The AI Book
    Facebook Twitter Instagram
    The AI BookThe AI Book
    • Home
    • Categories
      • AI Media Processing
      • AI Language processing (NLP)
      • AI Marketing
      • AI Business Applications
    • Guides
    • Contact
    Subscribe
    Facebook Twitter Instagram
    The AI Book
    AI Media Processing

    Customizing a Cloud Based Machine Learning Learning Environment — Part 2 | by Chaim Rand | May 2023

    23 May 2023No Comments8 Mins Read

    [ad_1]

    Additional solutions to increase your development flexibility

    Chaim Rand
    Towards Data Science
    Photo by Murillo Gomez on Unsplash

    This is the second part of a two-part post on customizing your cloud-based AI model training environment. In the first part, as a prerequisite for this part, we will learn about the conflict that can arise between desire use pre-built specially designed learning environments and request that we have the ability to adapt the environment to the needs of our project. The key to discovering potential customization opportunities is a deep understanding of the end-to-end flow of running a learning workload in the cloud.
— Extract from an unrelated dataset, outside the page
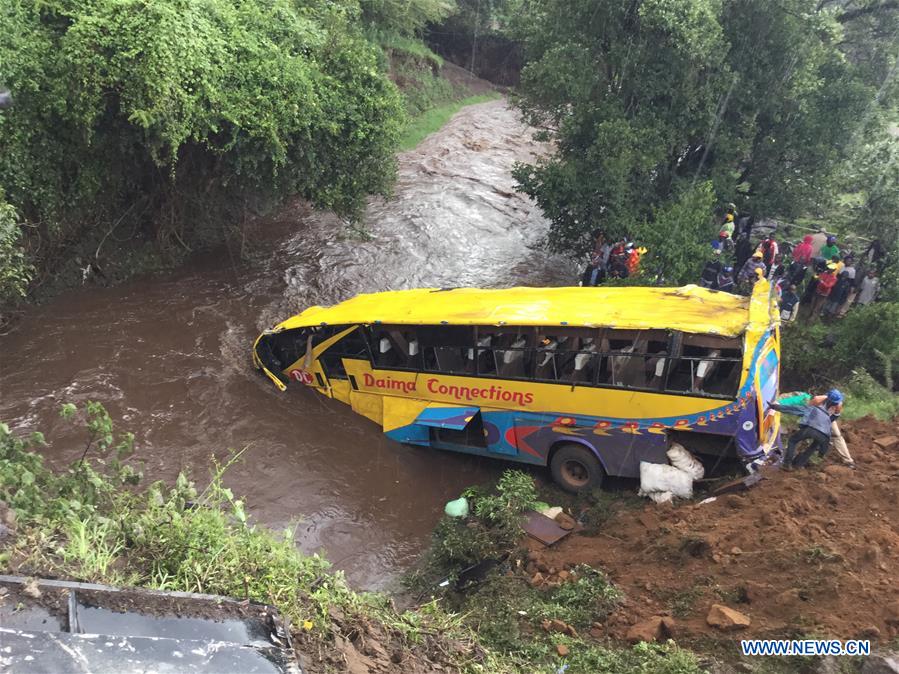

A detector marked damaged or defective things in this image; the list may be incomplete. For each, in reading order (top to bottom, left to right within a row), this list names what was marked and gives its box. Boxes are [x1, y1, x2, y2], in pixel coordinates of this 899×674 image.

We’ve described this flow for the Amazon SageMaker Managed Learning Service while highlighting the importance of analyzing publicly available underlying code. We then presented the first customization method—setting the pip package dependency at the very beginning of training—and showed its limitations.

    In this post, we present two additional methods. Both methods involve creating our own Docker image, but they are fundamentally different in their approach. The first method uses the image provided by the cloud service and expands it according to the needs of the project. The second takes a user-defined (cloud agnostic) Docker image and extends it to support training in the cloud. As we’ll see, each has its pros and cons, and the best option will depend heavily on the details of your project.

    Building a fully functional, performance-optimized Docker image for training on a cloud-based GPU can be a pain, requiring the navigation of many intertwined HW and SW dependencies. It is even more difficult to do this for a variety of exercise applications and HW platforms. Rather than trying to do it ourselves, our first choice will always be to use a predefined image created for us by our cloud service provider. If we need to customize this image, we simply create a new Dockerfile that extends the official image and adds the required dependencies.

    The AWS Deep Learning Container (DLC) github repository contains instructions for extending the official AWS DLC. This requires logging in to the Deep Learning Containers image repository to extract the image, create an extended image, and then upload it to your Amazon Elastic Container Registry (ECR) account.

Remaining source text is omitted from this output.